▶ **DATA RECORDS**
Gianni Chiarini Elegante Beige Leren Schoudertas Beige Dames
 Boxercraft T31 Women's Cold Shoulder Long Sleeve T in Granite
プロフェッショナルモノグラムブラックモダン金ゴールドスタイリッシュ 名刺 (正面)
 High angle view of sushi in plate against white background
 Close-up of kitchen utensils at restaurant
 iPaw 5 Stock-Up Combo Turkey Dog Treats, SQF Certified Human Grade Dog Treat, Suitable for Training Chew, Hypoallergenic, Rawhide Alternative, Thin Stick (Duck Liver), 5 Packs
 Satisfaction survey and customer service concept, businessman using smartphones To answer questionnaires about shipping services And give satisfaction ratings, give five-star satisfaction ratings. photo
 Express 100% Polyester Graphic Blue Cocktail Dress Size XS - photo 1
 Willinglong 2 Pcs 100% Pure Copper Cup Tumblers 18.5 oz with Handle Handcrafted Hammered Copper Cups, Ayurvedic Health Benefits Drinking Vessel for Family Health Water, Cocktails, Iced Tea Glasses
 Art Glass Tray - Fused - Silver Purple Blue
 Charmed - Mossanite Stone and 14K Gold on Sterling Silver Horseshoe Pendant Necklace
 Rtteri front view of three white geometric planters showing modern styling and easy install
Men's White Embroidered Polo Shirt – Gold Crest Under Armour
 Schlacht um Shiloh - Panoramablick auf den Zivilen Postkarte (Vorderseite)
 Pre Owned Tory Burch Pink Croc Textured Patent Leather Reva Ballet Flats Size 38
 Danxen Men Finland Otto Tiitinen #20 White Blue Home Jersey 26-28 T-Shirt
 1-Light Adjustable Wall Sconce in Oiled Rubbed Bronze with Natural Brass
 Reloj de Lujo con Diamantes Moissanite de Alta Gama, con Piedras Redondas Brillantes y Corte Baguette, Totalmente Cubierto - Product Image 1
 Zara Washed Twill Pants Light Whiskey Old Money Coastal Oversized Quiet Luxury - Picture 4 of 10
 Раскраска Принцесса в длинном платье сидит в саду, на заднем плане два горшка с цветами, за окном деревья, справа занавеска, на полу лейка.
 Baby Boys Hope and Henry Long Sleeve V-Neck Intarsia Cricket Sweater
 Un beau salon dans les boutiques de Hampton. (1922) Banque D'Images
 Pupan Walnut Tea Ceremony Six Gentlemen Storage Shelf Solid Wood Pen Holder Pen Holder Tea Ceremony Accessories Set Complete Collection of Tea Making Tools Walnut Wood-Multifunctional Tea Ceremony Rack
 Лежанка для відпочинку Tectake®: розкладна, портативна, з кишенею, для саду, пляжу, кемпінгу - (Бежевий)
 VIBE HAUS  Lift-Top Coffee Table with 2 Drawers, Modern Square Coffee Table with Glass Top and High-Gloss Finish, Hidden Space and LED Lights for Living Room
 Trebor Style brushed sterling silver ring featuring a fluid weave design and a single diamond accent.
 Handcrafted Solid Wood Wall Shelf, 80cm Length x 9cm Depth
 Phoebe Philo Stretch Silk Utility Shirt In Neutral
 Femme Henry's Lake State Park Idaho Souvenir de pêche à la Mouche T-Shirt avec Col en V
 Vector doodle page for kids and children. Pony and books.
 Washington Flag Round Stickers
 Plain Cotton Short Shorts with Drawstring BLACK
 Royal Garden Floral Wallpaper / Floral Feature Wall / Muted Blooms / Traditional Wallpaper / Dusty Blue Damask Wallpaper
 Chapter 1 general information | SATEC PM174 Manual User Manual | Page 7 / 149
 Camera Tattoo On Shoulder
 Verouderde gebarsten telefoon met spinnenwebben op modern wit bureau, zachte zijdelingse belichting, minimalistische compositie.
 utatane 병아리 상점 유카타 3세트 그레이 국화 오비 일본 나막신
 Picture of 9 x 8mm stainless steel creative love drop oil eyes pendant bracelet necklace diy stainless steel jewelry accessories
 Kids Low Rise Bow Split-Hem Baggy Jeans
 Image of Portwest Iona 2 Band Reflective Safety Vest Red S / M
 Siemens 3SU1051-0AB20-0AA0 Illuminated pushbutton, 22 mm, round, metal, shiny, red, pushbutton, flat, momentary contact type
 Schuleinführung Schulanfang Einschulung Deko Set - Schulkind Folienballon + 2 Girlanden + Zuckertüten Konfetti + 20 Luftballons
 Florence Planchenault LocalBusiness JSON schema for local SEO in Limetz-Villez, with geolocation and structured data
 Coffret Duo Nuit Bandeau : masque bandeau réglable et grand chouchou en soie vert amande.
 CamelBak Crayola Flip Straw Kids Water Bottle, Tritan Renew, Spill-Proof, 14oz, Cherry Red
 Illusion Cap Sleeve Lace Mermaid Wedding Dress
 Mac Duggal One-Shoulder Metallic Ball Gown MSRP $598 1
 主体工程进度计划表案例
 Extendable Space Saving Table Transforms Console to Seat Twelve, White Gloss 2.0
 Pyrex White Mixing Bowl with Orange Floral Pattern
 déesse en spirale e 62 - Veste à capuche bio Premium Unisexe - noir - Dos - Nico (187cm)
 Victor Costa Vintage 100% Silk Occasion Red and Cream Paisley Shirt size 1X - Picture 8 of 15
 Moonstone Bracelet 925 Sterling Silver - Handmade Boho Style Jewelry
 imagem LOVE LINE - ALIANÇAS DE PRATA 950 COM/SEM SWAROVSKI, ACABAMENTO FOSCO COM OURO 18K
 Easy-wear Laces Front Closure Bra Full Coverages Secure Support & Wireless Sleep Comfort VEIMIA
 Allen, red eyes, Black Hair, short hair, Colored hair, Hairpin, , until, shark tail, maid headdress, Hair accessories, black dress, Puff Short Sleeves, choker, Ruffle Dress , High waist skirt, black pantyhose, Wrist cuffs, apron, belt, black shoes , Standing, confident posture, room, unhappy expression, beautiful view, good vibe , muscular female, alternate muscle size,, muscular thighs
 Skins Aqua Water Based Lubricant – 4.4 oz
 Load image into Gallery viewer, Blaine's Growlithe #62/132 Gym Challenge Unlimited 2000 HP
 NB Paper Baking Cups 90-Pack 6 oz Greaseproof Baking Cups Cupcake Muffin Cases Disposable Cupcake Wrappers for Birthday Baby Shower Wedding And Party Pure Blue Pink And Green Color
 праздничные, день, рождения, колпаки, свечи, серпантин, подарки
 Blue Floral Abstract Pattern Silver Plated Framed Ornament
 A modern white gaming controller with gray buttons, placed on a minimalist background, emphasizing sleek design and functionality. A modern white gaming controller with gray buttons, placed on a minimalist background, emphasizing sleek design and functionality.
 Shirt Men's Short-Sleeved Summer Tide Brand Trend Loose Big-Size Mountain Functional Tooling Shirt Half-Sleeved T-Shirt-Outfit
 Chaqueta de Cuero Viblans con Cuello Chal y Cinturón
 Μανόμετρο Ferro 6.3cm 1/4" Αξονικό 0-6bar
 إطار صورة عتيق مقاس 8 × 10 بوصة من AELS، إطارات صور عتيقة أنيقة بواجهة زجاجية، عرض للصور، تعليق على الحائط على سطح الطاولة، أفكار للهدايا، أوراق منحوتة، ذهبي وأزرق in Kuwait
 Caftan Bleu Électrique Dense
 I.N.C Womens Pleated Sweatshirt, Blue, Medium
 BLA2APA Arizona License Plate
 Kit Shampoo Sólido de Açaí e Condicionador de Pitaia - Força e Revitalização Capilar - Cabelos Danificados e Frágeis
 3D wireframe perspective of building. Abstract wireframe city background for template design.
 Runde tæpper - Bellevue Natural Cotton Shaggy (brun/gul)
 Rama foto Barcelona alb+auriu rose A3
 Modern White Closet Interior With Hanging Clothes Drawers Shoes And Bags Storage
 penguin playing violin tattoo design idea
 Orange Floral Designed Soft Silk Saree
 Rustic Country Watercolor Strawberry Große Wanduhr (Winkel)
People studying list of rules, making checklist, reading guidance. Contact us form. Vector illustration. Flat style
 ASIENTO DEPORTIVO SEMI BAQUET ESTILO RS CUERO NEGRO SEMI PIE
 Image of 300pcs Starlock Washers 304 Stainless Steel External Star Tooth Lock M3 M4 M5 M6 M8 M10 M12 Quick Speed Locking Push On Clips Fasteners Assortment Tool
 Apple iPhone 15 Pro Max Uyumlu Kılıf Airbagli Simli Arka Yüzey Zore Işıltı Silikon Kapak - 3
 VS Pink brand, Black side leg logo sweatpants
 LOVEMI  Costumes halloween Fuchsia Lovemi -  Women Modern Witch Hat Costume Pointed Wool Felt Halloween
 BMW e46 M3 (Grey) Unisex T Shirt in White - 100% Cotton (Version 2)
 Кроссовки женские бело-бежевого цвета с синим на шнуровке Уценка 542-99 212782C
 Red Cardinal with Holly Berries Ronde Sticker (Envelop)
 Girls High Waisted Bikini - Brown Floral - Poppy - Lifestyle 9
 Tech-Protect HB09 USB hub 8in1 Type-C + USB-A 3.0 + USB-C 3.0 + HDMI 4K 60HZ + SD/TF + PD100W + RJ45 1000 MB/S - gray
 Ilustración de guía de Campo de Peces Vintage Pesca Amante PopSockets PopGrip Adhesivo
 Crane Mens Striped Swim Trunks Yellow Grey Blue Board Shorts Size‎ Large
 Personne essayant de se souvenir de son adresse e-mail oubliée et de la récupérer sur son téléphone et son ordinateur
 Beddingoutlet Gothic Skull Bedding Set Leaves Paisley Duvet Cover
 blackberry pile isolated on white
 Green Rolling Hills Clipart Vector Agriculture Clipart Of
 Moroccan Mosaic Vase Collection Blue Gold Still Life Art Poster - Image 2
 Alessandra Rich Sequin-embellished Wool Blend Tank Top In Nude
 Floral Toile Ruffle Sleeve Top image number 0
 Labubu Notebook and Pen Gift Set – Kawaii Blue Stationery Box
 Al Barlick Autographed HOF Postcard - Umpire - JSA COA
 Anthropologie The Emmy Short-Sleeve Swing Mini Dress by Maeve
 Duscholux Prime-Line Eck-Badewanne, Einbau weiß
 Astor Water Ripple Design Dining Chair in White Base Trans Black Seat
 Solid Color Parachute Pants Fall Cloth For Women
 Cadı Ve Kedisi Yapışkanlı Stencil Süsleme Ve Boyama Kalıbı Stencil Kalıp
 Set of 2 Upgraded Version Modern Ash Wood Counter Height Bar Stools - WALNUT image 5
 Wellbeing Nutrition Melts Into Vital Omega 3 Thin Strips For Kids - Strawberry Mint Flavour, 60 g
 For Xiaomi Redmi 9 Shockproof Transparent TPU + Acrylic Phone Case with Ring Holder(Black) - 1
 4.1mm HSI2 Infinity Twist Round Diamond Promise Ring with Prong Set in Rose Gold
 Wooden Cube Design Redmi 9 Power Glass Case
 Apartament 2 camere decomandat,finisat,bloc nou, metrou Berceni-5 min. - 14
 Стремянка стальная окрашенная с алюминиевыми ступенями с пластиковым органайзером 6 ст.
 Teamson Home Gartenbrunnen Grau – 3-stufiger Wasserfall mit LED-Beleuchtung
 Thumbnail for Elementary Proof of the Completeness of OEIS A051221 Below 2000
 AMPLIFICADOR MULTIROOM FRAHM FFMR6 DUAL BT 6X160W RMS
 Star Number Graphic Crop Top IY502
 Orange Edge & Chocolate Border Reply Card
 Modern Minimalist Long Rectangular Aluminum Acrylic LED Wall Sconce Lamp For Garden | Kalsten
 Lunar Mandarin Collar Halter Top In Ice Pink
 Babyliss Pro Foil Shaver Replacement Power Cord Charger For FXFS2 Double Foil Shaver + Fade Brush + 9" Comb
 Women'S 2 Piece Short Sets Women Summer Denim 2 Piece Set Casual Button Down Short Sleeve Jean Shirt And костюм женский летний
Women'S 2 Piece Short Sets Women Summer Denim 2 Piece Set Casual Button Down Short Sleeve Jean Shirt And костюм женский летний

▶ **ASSIGNED TASK**
Pull from the data each line where the string "Handcrafted" turns up.

▶ **TASK RESULT**
 Willinglong 2 Pcs 100% Pure Copper Cup Tumblers 18.5 oz with Handle Handcrafted Hammered Copper Cups, Ayurvedic Health Benefits Drinking Vessel for Family Health Water, Cocktails, Iced Tea Glasses
 Handcrafted Solid Wood Wall Shelf, 80cm Length x 9cm Depth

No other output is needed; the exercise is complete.